[Stored items]
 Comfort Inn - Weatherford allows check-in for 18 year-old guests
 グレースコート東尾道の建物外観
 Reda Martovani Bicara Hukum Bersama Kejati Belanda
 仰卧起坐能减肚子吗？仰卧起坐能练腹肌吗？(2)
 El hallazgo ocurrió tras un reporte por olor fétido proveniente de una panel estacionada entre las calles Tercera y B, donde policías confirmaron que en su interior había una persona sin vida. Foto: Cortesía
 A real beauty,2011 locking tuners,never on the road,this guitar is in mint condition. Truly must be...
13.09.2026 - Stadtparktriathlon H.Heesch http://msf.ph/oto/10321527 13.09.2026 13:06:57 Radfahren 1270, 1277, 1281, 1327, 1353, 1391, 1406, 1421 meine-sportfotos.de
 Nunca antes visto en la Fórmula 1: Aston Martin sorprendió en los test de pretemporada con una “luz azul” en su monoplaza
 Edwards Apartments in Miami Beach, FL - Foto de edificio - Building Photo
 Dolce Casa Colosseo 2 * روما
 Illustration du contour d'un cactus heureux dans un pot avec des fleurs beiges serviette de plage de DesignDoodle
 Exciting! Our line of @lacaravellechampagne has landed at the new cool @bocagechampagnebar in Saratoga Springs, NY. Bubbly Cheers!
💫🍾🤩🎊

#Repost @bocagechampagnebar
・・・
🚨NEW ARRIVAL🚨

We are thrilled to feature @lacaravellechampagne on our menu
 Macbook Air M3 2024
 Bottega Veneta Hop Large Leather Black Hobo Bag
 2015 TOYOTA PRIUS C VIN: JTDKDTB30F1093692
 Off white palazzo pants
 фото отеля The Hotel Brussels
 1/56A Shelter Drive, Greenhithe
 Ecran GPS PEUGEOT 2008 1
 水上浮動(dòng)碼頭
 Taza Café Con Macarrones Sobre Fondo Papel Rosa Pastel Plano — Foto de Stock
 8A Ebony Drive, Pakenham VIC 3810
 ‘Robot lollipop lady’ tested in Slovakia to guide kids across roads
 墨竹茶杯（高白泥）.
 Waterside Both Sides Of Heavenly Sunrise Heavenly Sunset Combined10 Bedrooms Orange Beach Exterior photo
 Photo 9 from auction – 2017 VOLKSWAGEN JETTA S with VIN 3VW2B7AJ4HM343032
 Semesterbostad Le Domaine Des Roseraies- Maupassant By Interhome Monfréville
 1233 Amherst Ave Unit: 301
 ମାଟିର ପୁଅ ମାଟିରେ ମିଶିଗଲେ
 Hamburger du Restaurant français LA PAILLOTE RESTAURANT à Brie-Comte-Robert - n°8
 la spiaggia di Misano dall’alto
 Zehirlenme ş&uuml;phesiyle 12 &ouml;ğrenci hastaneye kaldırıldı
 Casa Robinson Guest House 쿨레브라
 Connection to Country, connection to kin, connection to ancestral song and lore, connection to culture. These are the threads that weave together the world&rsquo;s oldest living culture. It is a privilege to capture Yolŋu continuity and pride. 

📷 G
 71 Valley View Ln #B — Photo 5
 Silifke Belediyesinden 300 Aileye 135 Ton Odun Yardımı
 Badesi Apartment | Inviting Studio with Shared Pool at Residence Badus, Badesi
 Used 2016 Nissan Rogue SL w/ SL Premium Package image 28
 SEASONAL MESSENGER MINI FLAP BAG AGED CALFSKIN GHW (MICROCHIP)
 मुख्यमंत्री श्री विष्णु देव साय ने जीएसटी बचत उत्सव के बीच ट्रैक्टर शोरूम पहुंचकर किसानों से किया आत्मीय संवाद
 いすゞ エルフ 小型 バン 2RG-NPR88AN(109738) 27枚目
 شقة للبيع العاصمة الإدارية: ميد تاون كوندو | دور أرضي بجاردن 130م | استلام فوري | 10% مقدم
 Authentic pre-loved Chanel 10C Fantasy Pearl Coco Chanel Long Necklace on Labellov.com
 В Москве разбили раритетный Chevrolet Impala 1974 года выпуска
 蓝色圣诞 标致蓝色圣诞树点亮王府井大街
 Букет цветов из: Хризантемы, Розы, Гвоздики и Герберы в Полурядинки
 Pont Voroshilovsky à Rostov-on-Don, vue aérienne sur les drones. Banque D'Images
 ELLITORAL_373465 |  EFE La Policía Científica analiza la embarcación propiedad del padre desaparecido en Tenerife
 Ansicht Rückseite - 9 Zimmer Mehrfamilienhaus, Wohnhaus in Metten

— DIRECTIONS —
Copy out, exactly and alone, the lines of the entries above between the ones holding "фото отеля The Hotel Brussels" and "Photo 9 from", inclusive.

— SOLUTION BELOW —
 фото отеля The Hotel Brussels
 1/56A Shelter Drive, Greenhithe
 Ecran GPS PEUGEOT 2008 1
 水上浮動(dòng)碼頭
 Taza Café Con Macarrones Sobre Fondo Papel Rosa Pastel Plano — Foto de Stock
 8A Ebony Drive, Pakenham VIC 3810
 ‘Robot lollipop lady’ tested in Slovakia to guide kids across roads
 墨竹茶杯（高白泥）.
 Waterside Both Sides Of Heavenly Sunrise Heavenly Sunset Combined10 Bedrooms Orange Beach Exterior photo
 Photo 9 from auction – 2017 VOLKSWAGEN JETTA S with VIN 3VW2B7AJ4HM343032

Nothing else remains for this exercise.